To honour Fagan, who writes from personal experience, she gives a performance that is both unromantic and sensitive. Despite the violence, drugs and crime, you believe her when she says she is a good person. Her dream of reinventing herself tells us that this is not who she is but how she was made.

Steely ... Anna Russell-Martin as Anais.
Steely ... Anna Russell-Martin as Anais. Photograph: Mihaela Bodlovic

Russell-Martin is the great strength of Debbie Hannan’s National Theatre of Scotland production that just manages to save itself from two risks. On the one hand, the supporting performances can feel underpowered, as if nobody can quite match the steely magnetism of Anais. There is strong work from McMenemy and others, but also moments of restraint that deserve to be explosive.

On the other hand, Lewis den Hertog’s excellent video design threatens to overwhelm the simple storytelling at the play’s heart.

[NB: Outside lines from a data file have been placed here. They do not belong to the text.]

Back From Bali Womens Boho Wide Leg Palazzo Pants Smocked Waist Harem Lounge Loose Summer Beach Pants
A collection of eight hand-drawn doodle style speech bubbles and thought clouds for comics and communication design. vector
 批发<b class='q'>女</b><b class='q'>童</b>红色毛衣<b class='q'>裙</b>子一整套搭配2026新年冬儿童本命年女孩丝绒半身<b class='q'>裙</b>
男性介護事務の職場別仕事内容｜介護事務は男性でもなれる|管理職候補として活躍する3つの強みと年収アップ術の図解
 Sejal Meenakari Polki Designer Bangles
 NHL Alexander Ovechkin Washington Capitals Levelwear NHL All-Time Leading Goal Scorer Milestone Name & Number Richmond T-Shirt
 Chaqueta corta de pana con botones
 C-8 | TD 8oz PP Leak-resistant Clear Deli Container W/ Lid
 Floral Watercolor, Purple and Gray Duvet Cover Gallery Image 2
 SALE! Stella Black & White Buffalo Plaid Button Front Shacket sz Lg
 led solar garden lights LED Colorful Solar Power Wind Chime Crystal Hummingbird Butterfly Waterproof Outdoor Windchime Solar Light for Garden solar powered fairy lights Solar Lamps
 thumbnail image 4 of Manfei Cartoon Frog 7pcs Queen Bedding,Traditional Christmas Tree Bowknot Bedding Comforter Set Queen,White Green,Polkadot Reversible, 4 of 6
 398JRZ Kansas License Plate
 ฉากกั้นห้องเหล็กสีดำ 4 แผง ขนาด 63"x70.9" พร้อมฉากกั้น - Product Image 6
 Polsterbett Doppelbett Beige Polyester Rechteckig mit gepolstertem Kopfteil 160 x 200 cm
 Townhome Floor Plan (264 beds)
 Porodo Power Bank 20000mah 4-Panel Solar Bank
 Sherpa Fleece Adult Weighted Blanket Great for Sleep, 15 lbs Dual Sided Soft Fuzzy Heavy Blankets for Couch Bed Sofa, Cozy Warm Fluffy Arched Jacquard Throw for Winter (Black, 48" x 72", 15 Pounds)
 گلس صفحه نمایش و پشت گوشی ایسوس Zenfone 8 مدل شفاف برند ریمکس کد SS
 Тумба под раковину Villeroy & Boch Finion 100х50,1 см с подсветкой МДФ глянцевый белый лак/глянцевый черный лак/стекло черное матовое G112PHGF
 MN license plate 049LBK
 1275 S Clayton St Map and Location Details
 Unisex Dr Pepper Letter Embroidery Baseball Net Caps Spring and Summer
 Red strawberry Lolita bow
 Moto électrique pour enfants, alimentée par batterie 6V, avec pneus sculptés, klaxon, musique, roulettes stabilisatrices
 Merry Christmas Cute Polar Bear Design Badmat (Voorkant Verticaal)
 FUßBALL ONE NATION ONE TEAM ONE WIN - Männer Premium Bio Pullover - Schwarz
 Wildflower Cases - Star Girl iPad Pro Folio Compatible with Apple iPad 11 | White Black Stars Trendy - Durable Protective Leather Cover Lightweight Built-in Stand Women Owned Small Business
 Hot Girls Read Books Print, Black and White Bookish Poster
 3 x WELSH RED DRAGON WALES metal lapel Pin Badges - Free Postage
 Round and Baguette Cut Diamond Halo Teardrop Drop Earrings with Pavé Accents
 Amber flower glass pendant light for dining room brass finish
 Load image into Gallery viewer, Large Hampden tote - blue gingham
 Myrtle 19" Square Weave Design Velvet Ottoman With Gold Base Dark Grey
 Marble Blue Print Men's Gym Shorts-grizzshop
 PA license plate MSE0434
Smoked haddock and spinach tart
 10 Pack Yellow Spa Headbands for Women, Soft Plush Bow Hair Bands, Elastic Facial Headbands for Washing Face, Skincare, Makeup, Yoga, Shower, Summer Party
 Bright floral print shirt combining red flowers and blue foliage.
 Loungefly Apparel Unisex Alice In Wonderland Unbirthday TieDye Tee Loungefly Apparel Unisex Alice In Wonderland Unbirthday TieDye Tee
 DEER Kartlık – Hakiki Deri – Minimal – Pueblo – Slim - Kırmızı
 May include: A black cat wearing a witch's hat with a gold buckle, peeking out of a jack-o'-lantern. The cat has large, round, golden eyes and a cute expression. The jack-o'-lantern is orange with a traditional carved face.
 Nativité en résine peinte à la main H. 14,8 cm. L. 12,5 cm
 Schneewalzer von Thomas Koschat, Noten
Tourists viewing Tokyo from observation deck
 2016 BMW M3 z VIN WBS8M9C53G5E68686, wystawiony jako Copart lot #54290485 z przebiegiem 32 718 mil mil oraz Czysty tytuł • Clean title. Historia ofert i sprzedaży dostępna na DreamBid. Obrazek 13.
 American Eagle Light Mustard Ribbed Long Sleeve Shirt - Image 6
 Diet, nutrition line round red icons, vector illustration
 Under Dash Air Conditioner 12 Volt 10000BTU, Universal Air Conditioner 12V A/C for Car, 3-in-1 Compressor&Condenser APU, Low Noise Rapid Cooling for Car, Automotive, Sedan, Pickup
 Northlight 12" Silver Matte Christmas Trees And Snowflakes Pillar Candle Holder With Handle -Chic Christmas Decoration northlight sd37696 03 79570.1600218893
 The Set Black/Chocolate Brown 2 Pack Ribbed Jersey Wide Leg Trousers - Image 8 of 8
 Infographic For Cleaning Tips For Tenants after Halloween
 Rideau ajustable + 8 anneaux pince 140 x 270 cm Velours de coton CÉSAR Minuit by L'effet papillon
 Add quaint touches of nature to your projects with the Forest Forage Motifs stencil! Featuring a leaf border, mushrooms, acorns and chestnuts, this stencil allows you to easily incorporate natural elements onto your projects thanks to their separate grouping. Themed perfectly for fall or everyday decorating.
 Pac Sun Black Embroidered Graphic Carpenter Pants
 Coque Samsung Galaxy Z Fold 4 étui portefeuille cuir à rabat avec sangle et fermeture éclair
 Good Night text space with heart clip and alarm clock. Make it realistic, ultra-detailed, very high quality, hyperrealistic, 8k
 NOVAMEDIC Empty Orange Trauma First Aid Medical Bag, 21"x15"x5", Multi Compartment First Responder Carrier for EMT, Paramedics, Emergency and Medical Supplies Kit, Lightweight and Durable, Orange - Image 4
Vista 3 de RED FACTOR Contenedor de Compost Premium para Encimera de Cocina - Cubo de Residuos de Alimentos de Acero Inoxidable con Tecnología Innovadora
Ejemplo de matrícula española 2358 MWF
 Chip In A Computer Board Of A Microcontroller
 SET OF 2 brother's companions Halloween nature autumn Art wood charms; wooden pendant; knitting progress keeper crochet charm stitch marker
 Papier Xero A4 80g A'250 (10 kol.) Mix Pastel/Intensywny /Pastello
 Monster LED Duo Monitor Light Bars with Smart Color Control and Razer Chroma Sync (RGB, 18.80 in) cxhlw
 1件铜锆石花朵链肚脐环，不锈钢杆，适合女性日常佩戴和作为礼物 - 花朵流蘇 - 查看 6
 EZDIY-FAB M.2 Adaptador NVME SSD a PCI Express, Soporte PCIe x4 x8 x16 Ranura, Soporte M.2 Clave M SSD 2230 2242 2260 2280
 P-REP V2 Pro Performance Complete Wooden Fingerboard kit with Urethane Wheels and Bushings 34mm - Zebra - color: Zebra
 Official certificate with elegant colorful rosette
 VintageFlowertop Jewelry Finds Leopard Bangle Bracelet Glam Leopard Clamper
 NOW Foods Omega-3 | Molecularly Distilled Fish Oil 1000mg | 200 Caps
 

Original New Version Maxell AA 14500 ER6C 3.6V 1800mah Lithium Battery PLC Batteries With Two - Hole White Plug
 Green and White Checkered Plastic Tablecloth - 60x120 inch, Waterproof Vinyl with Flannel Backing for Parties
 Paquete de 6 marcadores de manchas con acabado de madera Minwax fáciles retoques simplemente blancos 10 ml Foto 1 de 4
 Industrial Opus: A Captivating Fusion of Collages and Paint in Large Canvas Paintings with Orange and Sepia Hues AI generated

Creating hyperreal nightmares from its distorted source material, it is broodingly intense as it evokes the turbulent layers of the girl’s inner life. For all that, it’s hard to beat the special theatrical energy you feel when the cast bang out a revolutionary rhythm on the metalwork of Max Johns’s set. When Hannan trusts the material, as she does in the closing moments, it can be devastating – not least because, finally, Anais smiles.

•At Traverse, Edinburgh, until 19 October.